On Stage Near Shanghai from the September 26, 2013 issue

To the Editors:

I read Robert Brustein’s recent report on the Wuzhen Theatre Festival, for which he served as honorary chair, with great interest and pleasure [NYR, September 26]. But I was surprised that in it one of the most distinguished figures in American theater wrote that “Chinese playwriting is a relatively new phenomenon. (Until the early part of the twentieth century, theater in China was mostly composed of Beijing and Cantonese opera and shadow puppetry.)”

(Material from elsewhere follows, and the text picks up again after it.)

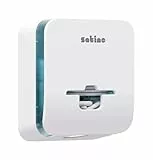 Satino HYGINITY Damenhygienespender FemCare – 3 in 1 - Tampon-Spender/Binden-Spender/Hygienebeutel-Spender – bis zu 30 Binden und 160 Tampons – weiß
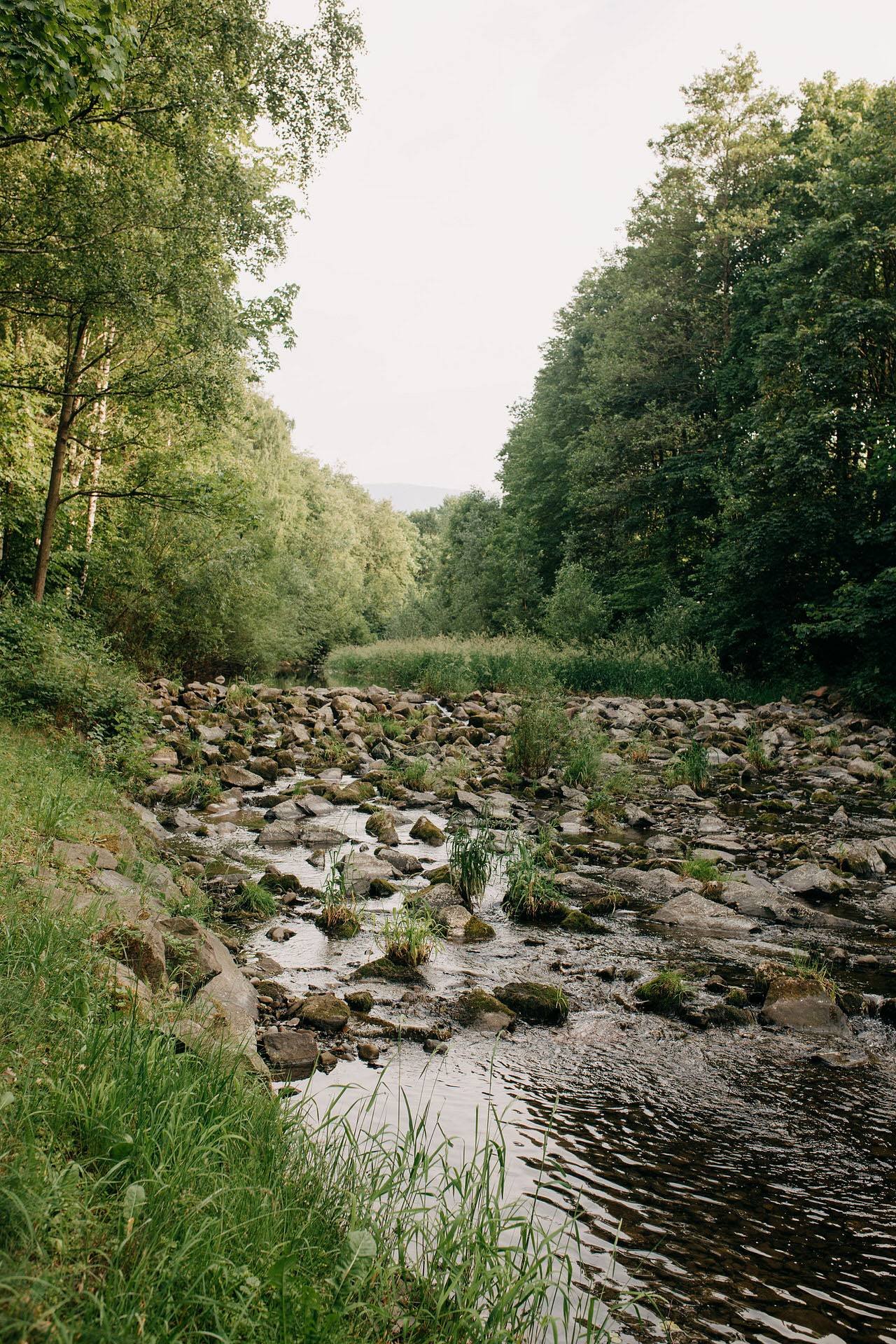 Chaloupka u řeky - Frýdlant nad Ostravicí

Bertolt Brecht’s Caucasian Chalk Circle is widely known. Less familiar now is the remarkable thirteenth-century play by Li Xingfu that Brecht based his script on, also borrowing the Chinese convention of characters addressing the audience and explaining the plot before engaging in dialogue. Li was one of many playwrights who flourished during the Yuan Dynasty, when the Mongol government suppressed more traditional Chinese literary forms. This golden age was brief, but should be better known in the West.

I write to plug Li and his contemporaries, not to criticize Brustein. His production of Chalk Circle is one of my favorite plays in any language.

Eric Mankin
Los Angeles, California

Robert Brustein replies:

My thanks to Eric Mankin for his helpful scholarship. My error was to omit the word “modern” in writing about Chinese playwriting, because, while the spoken play, or Huaju, apparently existed as early as the thirteenth century, it died out for a long while, having been replaced by Beijing opera. Only in the early part of the twentieth century did it experience a revival.

Aside from this, Angels in America consists of two plays, not three, as I had written.